Despite having a tongue twister for a name, Ruth's Chris Steak House is a well-known pioneer in the fine dining world. Per its website, the New Orleans-based restaurant was small at first, only able to house 60 guests at a time. While its beginnings were humble, hard work boosted the eatery to more than 150 locations today. According to Reference for Business, it was 1965 when its first store opened its doors, and it wasn't until 1987 that the company expanded to 17 locations.

Part of what makes the restaurant iconic is its consistent cooking method. Its Midwestern beef steaks, which account for 90% of its sales, are broiler-cooked at 1,800 degrees Fahrenheit. No matter which location you visit, whether it be in North America or its Dominican Republic store, you're going to have the same experience. You may wonder, though, why would a company make its name so hard to pronounce and remember? Well, as it turns out, the story is a pretty inspiring one.

Ruth Fertel couldn't breach the agreement

Ruth's Chris Steak House was founded in 1965, just one year after Title VII of the Civil Rights Act was enacted, per US News. According to the memoir of Ruth Fertel's son, Randy Fertel, it was unheard of for a woman to be a restaurant owner at that time. But Ruth Fertel didn't seem to mind the norms, as she purchased what was then Chris Steak House for $18,000. In order to come up with the money, Fertel took out a mortgage on her home. Though there was one problem Fertel couldn't get behind. The restaurant was named after founder Chris Matulich with who she made an agreement that his name would remain.

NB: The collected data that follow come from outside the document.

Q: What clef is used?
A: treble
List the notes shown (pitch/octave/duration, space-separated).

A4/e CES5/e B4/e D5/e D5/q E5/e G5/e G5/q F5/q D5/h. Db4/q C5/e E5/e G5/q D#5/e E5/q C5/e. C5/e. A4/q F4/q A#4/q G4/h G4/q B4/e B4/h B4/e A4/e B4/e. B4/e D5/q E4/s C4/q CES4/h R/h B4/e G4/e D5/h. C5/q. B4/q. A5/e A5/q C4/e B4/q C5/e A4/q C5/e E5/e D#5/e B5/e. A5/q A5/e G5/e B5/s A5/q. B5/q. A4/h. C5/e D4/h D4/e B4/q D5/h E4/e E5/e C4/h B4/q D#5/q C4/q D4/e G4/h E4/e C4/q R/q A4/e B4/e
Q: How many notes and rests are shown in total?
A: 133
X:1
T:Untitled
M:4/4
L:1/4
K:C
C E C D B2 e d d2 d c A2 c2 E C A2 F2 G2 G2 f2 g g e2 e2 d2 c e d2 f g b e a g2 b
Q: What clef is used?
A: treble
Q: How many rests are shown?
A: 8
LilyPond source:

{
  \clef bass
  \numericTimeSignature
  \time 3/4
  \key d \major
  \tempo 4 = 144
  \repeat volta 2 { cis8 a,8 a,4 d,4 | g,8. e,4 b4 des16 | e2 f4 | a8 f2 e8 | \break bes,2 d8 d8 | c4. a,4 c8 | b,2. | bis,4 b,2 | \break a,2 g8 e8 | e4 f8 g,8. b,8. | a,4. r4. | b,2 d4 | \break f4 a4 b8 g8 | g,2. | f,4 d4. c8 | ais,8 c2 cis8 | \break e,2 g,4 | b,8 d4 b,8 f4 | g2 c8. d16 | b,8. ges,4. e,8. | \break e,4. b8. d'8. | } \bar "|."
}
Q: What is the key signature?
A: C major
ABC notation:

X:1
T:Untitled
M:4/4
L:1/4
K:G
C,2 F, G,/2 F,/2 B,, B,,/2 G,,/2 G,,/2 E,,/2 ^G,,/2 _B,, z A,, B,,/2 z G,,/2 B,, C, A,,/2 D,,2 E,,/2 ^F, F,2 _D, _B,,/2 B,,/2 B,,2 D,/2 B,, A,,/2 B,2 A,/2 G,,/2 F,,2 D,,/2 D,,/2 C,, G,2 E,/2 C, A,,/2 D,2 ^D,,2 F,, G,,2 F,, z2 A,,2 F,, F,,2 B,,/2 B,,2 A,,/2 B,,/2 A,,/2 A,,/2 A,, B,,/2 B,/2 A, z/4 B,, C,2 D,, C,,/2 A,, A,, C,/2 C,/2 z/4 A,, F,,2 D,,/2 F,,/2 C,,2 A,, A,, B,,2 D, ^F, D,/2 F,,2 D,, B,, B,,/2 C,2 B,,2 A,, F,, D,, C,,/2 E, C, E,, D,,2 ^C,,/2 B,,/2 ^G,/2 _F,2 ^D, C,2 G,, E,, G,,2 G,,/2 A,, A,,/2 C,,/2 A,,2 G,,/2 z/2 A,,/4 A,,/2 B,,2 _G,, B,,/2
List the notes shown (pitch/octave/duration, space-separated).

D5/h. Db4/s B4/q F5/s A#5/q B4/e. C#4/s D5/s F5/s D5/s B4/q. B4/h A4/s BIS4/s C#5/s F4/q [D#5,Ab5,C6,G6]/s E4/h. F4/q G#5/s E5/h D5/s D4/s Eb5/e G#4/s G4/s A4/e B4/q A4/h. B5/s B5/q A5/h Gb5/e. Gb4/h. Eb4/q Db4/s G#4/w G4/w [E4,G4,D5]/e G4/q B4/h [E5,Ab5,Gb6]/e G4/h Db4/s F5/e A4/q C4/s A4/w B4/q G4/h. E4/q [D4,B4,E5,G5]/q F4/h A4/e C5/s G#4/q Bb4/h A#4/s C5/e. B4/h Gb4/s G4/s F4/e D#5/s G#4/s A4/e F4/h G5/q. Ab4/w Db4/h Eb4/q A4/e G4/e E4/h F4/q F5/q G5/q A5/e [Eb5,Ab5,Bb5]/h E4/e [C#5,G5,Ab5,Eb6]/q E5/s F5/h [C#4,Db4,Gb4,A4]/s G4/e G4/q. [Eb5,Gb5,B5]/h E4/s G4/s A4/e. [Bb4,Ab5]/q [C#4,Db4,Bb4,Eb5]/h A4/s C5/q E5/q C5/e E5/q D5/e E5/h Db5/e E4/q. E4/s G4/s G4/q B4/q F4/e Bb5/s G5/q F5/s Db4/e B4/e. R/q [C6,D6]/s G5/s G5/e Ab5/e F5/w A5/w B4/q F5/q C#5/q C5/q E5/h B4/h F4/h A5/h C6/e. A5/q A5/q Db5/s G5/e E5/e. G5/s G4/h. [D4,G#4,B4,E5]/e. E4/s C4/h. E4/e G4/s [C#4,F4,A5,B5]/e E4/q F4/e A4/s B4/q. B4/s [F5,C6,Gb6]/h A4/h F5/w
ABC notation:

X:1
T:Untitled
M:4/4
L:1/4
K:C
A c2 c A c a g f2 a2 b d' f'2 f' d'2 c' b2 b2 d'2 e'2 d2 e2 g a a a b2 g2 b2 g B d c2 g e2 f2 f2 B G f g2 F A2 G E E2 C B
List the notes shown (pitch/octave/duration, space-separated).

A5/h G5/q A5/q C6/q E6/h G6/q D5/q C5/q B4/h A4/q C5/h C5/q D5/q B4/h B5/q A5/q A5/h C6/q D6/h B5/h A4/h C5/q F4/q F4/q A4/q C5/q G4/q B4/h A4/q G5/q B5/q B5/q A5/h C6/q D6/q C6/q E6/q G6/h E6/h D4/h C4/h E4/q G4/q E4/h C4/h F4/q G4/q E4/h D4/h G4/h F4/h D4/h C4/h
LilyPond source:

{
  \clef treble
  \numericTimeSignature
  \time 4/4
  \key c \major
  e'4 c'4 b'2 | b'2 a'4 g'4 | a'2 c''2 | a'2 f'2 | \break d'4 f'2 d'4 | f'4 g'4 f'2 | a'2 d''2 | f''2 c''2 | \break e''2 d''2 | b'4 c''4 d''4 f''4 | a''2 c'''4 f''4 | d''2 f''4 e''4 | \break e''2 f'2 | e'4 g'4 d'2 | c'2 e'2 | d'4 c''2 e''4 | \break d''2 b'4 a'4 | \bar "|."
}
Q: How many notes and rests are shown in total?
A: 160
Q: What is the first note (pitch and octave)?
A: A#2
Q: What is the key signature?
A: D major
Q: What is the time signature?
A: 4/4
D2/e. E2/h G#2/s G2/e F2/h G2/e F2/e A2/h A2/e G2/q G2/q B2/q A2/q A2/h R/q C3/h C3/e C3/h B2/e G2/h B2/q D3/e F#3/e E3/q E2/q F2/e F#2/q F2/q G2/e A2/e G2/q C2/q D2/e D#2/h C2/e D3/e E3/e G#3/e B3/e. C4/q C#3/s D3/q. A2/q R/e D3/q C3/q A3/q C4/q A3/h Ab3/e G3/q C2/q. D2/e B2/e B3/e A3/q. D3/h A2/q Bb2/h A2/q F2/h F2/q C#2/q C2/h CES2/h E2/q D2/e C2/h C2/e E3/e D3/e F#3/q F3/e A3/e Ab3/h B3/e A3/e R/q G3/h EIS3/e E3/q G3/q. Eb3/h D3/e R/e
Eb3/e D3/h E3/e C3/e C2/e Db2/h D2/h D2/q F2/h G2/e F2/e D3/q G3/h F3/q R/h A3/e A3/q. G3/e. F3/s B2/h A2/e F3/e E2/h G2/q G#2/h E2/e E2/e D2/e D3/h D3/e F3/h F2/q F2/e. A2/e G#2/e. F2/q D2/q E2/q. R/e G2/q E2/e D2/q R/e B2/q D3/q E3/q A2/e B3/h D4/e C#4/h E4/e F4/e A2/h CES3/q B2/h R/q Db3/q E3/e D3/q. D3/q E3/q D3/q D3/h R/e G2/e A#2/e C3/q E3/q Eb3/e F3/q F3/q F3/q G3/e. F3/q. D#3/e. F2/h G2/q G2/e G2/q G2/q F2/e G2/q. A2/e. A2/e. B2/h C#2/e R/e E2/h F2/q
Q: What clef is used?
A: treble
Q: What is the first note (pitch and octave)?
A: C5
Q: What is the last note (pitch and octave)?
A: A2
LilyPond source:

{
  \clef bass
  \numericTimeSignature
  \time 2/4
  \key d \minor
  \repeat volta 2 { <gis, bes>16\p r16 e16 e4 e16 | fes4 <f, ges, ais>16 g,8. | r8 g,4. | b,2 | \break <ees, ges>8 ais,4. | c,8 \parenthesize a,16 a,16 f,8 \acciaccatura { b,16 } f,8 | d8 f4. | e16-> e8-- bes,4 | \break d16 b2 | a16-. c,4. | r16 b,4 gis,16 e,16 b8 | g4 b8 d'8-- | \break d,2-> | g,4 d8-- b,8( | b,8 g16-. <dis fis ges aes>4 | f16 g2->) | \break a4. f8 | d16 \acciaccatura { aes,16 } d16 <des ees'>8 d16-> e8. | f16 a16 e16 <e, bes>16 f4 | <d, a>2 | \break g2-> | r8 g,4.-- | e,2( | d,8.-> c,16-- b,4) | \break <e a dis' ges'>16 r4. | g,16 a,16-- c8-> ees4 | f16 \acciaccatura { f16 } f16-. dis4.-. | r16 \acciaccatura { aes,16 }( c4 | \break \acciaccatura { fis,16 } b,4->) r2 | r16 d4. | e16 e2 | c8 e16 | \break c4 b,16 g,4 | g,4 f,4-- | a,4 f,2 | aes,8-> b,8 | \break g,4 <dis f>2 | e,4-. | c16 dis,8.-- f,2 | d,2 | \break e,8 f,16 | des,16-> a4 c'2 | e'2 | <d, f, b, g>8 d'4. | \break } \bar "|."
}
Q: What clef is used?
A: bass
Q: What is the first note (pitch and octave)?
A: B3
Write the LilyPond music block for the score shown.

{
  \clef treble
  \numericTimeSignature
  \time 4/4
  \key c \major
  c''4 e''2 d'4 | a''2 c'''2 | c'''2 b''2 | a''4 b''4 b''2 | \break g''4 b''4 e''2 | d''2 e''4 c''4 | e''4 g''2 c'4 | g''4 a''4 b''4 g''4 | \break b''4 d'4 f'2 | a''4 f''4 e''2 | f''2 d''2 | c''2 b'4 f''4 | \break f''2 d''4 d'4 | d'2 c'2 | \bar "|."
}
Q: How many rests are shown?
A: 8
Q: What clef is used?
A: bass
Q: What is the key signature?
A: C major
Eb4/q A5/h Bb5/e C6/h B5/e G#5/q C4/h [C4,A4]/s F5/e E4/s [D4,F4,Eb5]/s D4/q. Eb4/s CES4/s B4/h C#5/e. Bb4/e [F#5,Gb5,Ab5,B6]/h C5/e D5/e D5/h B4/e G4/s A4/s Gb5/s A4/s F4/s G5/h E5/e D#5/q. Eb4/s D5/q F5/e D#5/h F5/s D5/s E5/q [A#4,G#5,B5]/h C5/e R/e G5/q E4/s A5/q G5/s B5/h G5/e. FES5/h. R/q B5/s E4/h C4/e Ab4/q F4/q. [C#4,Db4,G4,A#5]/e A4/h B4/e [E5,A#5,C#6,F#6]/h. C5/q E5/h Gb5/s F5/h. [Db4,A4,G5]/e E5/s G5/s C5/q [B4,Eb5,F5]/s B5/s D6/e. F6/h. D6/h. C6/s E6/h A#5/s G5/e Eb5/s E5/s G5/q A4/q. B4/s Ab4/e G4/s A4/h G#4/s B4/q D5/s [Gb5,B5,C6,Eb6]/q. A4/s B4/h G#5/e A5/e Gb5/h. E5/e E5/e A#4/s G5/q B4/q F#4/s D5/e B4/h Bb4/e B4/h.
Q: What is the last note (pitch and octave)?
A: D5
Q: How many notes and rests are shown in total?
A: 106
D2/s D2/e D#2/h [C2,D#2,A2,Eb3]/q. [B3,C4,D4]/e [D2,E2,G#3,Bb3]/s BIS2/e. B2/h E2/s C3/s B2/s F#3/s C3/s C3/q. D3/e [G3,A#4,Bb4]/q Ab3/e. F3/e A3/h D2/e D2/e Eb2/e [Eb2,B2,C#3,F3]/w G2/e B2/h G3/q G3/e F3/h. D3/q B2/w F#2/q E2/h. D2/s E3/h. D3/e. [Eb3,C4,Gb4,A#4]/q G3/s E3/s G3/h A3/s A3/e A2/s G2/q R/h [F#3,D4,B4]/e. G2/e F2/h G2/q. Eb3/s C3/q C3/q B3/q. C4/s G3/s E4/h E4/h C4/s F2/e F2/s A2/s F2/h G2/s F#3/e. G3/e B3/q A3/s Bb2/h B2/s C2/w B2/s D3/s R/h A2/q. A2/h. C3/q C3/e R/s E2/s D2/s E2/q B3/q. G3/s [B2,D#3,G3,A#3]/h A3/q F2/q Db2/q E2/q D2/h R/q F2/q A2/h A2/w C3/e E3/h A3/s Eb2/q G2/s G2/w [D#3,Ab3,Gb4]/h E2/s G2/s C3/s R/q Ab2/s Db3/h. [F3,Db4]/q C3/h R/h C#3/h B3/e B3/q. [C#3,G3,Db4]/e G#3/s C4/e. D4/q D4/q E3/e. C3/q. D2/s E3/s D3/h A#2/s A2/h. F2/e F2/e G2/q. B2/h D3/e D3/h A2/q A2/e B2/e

Per Ruth's Chris Steak House website, Chris Steak House continued with the name until a kitchen fire in 1976 when she was forced to reopen the business elsewhere. In order to not break the purchasing terms, she changed the name to Ruth's Chris Steak House, a bold way to honor her accomplishments as a woman business owner with an all female staff. Fertel isn't unaware of the whispers behind the name, though, as she often jokes about herself. "I've always hated the name, but we've always managed to work around it," Fertel said to Fortune's reporter (via The New York Times). She eventually settled down to enjoy her success after selling the restaurant to a private firm in 1999.